**Directions for this task:** In exact form, please repeat the records from their opening line down to the line with "Taza de café de cerámica de Rottweiler", including that line.
*** Begin section ***
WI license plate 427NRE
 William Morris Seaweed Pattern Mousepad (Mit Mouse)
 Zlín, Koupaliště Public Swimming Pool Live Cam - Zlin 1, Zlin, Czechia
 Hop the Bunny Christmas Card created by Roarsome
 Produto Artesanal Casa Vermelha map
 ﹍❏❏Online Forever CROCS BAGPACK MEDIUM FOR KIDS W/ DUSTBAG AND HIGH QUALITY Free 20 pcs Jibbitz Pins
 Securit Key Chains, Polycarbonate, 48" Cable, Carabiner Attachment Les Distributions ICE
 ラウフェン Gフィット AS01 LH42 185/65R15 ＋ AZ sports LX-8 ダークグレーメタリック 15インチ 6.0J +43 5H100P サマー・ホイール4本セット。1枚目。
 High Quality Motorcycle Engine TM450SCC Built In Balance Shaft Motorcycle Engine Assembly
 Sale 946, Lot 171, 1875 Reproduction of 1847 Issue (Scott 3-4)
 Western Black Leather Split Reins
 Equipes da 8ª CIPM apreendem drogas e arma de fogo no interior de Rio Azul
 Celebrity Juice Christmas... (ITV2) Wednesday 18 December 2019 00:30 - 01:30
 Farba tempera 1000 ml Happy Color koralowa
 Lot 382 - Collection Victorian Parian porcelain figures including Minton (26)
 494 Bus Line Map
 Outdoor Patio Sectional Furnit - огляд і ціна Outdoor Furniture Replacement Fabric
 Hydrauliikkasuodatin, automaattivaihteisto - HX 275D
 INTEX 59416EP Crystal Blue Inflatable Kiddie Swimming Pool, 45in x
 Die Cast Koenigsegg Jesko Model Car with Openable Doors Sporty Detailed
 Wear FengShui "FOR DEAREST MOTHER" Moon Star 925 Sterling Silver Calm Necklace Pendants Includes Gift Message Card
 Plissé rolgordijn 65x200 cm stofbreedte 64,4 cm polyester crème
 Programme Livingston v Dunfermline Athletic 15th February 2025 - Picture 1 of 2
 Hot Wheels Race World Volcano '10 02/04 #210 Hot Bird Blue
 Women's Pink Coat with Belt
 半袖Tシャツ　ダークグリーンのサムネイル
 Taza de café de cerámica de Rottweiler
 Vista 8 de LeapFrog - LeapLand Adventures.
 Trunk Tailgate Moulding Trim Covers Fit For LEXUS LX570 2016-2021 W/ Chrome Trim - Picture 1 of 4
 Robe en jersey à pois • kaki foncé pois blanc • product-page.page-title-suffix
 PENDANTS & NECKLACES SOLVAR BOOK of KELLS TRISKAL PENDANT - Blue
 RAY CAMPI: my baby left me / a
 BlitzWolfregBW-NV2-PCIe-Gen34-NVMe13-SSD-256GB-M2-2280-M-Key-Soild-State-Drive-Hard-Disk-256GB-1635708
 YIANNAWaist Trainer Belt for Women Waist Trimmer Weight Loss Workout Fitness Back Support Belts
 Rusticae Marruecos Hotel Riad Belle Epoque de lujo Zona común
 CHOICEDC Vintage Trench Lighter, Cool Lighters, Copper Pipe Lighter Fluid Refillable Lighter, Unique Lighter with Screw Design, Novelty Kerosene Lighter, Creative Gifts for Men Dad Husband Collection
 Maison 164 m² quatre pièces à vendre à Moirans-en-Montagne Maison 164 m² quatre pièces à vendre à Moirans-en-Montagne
*** End section ***
**Your solution:**
WI license plate 427NRE
 William Morris Seaweed Pattern Mousepad (Mit Mouse)
 Zlín, Koupaliště Public Swimming Pool Live Cam - Zlin 1, Zlin, Czechia
 Hop the Bunny Christmas Card created by Roarsome
 Produto Artesanal Casa Vermelha map
 ﹍❏❏Online Forever CROCS BAGPACK MEDIUM FOR KIDS W/ DUSTBAG AND HIGH QUALITY Free 20 pcs Jibbitz Pins
 Securit Key Chains, Polycarbonate, 48" Cable, Carabiner Attachment Les Distributions ICE
 ラウフェン Gフィット AS01 LH42 185/65R15 ＋ AZ sports LX-8 ダークグレーメタリック 15インチ 6.0J +43 5H100P サマー・ホイール4本セット。1枚目。
 High Quality Motorcycle Engine TM450SCC Built In Balance Shaft Motorcycle Engine Assembly
 Sale 946, Lot 171, 1875 Reproduction of 1847 Issue (Scott 3-4)
 Western Black Leather Split Reins
 Equipes da 8ª CIPM apreendem drogas e arma de fogo no interior de Rio Azul
 Celebrity Juice Christmas... (ITV2) Wednesday 18 December 2019 00:30 - 01:30
 Farba tempera 1000 ml Happy Color koralowa
 Lot 382 - Collection Victorian Parian porcelain figures including Minton (26)
 494 Bus Line Map
 Outdoor Patio Sectional Furnit - огляд і ціна Outdoor Furniture Replacement Fabric
 Hydrauliikkasuodatin, automaattivaihteisto - HX 275D
 INTEX 59416EP Crystal Blue Inflatable Kiddie Swimming Pool, 45in x
 Die Cast Koenigsegg Jesko Model Car with Openable Doors Sporty Detailed
 Wear FengShui "FOR DEAREST MOTHER" Moon Star 925 Sterling Silver Calm Necklace Pendants Includes Gift Message Card
 Plissé rolgordijn 65x200 cm stofbreedte 64,4 cm polyester crème
 Programme Livingston v Dunfermline Athletic 15th February 2025 - Picture 1 of 2
 Hot Wheels Race World Volcano '10 02/04 #210 Hot Bird Blue
 Women's Pink Coat with Belt
 半袖Tシャツ　ダークグリーンのサムネイル
 Taza de café de cerámica de Rottweiler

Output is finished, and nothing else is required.